Ana Mercedes Murillo

The Basement


          It wasn’t my fault, but I can tell by the look in her eyes that it doesn’t matter. I see things as though they are happening in slow motion. Her hair is a tangled mess, and the smell of Jack Daniels seeps out her pores. Her face filled with anger; agony and desperation. The basement air feels damp, and still has the small cot, with no blankets or pillows that has been my bed for the last 5 years. A pool of red seeping through the mattress, creates a puddle on the floor. My small body lies half way on, and half way off the bed.

          I watch the chair fly towards me, hitting me and I don’t react. Her not getting the reaction she hopes for only makes her angrier. “You sorry piece of shit, you ruined my life,” she screams. She begins to pull out her toys, and I feel a shiver run through me, as I see the items pulled out from the box on the shelf. As always, the picture of my parents on their wedding day is put on the counter, as if to have him watch.

          She reaches in the box, pulling out the first item; gardening shears with black hands, and blood on the pointed tips. This tool has seen little action since the time it was used to remove my pinky finger. She eyes it like a mother looking at her newborn child.
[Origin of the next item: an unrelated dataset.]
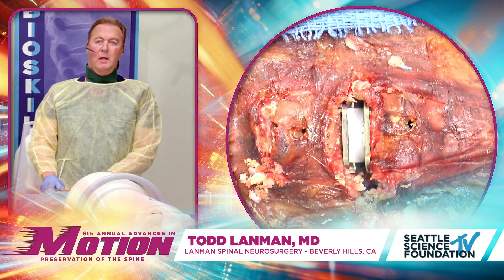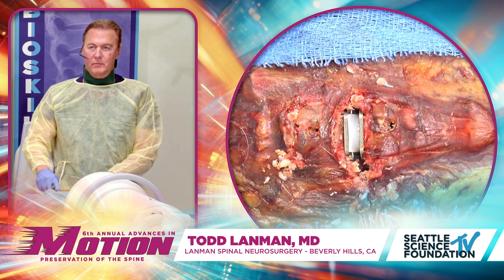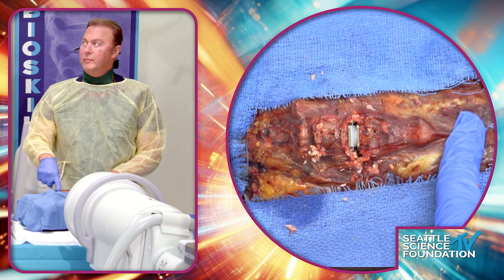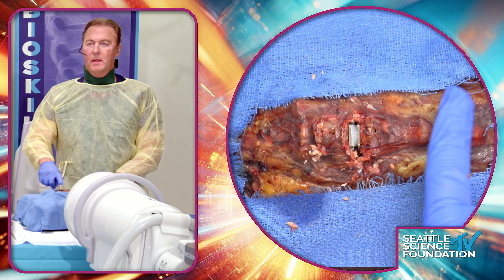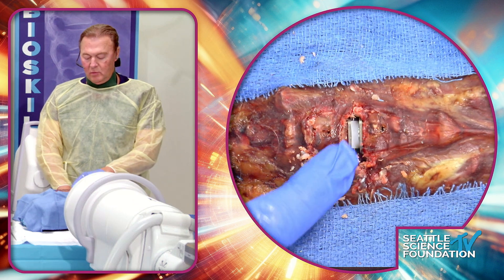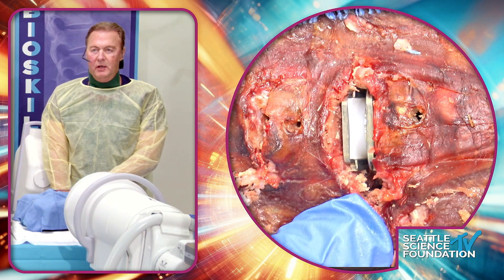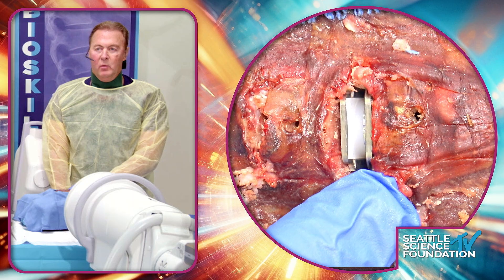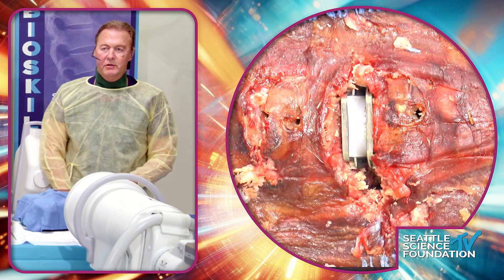Todd Lyman now orients on the cadaver specimen — superior is here, cephalad toward the top of the head. When these implants have been in a while, the end plates are going to be fixed to the bone. Whether you're revising for poor placement, residual compression, or prior surgeon not doing a full decompression, the key challenge is that osseointegrated fixation.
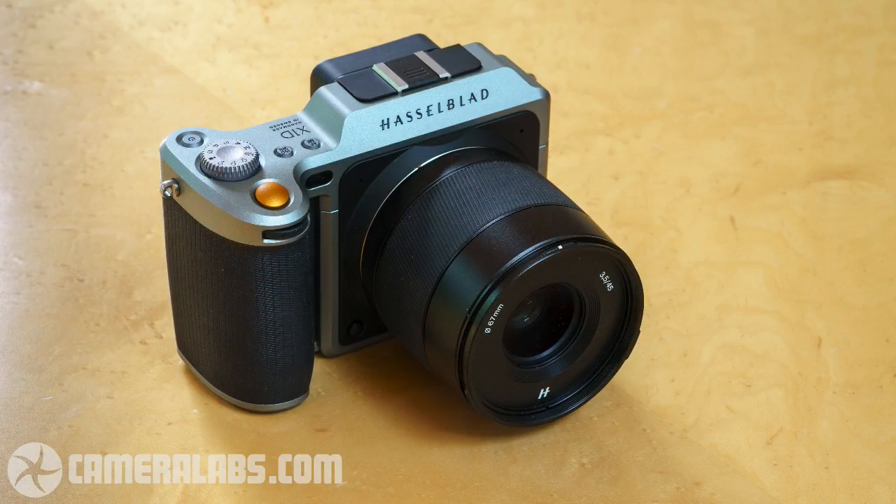Those full frame cameras offer many features compared to typical medium format — built-in stabilization, 4K video, large electronic viewfinders, Wi-Fi, and more. Gordon asks about the physical design of the X1D. Doug says he thinks it's a beautiful camera, designed and made in Sweden, with a minimalist, very modern look. It's an interchangeable lens camera, and surprisingly not as heavy as expected, though the lens adds significant weight.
          She removes the remaining items; gasoline, handcuffs, blow torch, pliers, and her most used toy, a hammer. With its long brown handle, filthy from being held so often, and deadly black top, clumps of brown hair and flesh still in the claw.

          My heart beats rapidly upon seeing her arrangement of pleasure toys lined up nicely on the counter. “It’s all your fault. You did this to me. You killed him. I told him not to drive you to school that day, but you cried like a pussy, not wanting to take the bus.” Her screams echo in the basement.

          The thin nightgown she is wearing shows the sweat from adrenaline she feels pulsing through her veins.

          She pours gasoline over the bed, the floor, her nightgown, and the shelves. Her tears stream down her face, as she cries out, “You did this.” I know I can’t actually feel the heat, as my heart no longer beats, but I brace myself for the pain anyway. She grabs the photo and the blowtorch from the shelf. She stares at the photo, starts the blow torch, and the room lights up instantly. I hear the screams, “All your fault, you deserved to die for taking him from me.”

          I know now, that I can no longer watch, and must now follow the light.


Ana Murillo lives in Queen Creek, Arizona with her husband and four children. She has spent the last seventeen years working in the real estate industry as an Operations Director. She is currently working on her Bachelor of Arts in Creative Writing at Arizona State University. Ana loves to read and reviews books on her blog site.